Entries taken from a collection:
⁂

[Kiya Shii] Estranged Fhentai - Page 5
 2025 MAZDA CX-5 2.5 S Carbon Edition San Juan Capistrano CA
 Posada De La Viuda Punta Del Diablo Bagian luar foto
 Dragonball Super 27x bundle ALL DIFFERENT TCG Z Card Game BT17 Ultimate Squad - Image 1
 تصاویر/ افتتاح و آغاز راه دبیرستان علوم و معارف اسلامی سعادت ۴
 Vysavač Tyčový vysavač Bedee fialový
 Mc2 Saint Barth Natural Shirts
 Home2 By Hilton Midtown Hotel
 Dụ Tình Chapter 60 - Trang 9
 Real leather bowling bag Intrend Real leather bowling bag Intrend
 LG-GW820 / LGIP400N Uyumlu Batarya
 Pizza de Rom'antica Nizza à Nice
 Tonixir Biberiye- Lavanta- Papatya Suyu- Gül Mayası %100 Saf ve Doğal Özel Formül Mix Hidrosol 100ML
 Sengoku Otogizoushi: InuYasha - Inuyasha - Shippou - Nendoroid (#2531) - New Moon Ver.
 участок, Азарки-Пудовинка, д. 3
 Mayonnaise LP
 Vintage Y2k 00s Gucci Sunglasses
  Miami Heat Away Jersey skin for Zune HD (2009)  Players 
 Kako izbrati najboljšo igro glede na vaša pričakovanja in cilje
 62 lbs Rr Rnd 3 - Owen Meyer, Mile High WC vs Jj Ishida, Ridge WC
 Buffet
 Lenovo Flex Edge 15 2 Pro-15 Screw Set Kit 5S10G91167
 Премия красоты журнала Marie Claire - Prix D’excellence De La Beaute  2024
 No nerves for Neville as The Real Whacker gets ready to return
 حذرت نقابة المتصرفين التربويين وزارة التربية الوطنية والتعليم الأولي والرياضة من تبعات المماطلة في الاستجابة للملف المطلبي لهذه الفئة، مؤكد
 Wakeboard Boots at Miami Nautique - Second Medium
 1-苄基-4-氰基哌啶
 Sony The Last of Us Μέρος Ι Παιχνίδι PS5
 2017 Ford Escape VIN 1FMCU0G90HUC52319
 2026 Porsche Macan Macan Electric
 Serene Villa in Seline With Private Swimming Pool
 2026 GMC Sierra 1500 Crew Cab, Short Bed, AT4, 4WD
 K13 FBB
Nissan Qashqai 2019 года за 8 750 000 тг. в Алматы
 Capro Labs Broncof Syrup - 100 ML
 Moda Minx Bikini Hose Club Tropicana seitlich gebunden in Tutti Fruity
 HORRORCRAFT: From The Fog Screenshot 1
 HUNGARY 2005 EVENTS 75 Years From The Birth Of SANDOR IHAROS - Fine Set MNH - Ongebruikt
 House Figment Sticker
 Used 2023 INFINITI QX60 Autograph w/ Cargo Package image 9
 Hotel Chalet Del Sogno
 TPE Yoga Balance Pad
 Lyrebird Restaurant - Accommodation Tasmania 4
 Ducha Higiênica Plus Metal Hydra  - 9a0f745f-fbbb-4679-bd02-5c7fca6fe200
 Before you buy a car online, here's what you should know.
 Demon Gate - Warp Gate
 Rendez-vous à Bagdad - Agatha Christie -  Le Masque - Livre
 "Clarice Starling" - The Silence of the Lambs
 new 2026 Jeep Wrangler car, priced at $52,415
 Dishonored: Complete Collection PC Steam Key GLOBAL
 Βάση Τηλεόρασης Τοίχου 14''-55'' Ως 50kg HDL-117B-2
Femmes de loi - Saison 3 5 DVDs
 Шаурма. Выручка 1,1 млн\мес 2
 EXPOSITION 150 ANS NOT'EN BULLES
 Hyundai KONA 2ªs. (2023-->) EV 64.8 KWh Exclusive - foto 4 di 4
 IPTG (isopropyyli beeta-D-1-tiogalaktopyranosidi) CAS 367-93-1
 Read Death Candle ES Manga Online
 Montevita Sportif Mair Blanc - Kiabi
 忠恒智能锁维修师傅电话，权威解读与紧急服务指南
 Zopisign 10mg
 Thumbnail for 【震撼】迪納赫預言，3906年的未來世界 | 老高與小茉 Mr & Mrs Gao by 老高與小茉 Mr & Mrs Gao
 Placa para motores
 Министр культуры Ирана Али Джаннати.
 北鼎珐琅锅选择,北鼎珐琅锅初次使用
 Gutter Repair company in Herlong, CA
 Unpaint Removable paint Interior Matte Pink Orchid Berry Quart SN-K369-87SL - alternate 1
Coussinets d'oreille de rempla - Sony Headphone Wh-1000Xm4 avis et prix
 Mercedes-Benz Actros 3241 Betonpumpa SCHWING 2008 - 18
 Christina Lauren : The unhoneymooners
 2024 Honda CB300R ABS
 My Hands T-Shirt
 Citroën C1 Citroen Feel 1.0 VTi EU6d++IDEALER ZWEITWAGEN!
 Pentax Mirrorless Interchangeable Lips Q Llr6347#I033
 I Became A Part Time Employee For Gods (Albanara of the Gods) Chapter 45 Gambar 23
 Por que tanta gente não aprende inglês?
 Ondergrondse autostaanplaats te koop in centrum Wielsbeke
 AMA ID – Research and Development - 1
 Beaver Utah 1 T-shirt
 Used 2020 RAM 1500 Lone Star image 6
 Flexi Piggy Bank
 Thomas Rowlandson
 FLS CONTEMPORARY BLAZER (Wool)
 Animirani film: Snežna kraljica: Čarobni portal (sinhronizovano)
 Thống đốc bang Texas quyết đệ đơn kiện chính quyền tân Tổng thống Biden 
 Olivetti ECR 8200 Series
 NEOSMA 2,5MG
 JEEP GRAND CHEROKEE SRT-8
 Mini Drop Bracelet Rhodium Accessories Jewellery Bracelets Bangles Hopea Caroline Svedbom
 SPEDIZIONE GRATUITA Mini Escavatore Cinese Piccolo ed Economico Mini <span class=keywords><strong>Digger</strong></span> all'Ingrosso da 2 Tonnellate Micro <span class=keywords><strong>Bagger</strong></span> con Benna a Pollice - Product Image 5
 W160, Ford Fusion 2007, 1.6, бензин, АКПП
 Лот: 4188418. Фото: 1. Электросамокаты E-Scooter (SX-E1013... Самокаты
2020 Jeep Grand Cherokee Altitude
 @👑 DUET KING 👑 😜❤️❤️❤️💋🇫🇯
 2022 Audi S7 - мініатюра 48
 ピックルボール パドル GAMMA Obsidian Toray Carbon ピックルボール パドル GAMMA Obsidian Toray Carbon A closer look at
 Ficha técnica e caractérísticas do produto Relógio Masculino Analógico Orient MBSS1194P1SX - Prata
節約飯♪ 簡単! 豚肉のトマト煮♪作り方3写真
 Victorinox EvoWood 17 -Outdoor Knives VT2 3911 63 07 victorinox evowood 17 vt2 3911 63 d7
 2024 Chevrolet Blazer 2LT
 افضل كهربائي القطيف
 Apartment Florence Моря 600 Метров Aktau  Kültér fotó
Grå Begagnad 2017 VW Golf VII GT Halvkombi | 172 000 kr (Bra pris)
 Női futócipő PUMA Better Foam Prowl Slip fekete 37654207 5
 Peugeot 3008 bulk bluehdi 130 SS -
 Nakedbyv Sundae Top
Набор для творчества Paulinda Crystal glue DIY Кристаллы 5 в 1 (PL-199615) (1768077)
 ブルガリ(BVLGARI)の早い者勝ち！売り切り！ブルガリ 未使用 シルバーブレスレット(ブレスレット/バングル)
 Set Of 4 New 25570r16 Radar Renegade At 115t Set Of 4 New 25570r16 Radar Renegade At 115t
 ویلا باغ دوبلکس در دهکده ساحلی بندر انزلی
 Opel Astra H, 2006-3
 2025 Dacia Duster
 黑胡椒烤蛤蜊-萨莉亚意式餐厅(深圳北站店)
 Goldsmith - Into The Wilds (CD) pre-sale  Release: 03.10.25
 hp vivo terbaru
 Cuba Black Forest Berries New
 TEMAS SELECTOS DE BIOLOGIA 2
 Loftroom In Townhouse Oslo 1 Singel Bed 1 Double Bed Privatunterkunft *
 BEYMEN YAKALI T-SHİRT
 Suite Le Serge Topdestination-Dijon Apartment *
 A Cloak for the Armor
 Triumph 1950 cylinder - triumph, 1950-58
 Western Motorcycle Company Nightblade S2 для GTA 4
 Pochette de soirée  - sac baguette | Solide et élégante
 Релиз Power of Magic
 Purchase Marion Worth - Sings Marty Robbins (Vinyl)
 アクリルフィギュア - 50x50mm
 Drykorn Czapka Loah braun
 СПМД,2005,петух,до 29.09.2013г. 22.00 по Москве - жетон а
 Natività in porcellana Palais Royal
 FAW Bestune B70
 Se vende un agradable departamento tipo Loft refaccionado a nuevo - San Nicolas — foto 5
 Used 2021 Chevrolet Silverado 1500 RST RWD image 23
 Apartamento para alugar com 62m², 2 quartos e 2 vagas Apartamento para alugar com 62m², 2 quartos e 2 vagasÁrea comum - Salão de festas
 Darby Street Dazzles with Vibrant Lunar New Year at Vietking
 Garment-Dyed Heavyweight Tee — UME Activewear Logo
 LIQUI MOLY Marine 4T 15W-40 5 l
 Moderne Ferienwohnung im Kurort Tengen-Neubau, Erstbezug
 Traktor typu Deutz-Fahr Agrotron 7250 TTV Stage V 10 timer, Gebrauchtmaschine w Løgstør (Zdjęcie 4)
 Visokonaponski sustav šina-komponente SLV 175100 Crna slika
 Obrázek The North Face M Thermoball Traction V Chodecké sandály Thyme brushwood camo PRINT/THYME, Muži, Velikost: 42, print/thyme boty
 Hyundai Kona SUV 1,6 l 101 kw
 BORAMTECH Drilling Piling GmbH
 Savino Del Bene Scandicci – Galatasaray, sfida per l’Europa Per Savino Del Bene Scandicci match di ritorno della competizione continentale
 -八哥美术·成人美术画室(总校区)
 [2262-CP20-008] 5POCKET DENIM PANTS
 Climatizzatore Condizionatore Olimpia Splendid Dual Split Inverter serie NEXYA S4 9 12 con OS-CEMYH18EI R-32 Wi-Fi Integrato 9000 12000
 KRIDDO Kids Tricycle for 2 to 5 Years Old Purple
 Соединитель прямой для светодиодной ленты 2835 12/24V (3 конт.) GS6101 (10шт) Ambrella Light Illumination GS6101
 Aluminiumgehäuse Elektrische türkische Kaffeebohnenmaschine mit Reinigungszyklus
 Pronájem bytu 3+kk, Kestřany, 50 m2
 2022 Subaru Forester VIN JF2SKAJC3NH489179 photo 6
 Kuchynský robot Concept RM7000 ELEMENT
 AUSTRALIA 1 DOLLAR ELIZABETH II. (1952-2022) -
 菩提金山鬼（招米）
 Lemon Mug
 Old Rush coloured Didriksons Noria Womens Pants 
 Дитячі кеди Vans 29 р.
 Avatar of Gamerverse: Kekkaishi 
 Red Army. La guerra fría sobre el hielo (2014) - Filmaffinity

⁂

*INSTRUCTIONS TO FOLLOW*
Transcribe the entries above word for word, from the first line through the line containing "Home2 By Hilton Midtown Hotel", and nothing else.

*OUTPUT FOR THIS EXERCISE*
[Kiya Shii] Estranged Fhentai - Page 5
 2025 MAZDA CX-5 2.5 S Carbon Edition San Juan Capistrano CA
 Posada De La Viuda Punta Del Diablo Bagian luar foto
 Dragonball Super 27x bundle ALL DIFFERENT TCG Z Card Game BT17 Ultimate Squad - Image 1
 تصاویر/ افتتاح و آغاز راه دبیرستان علوم و معارف اسلامی سعادت ۴
 Vysavač Tyčový vysavač Bedee fialový
 Mc2 Saint Barth Natural Shirts
 Home2 By Hilton Midtown Hotel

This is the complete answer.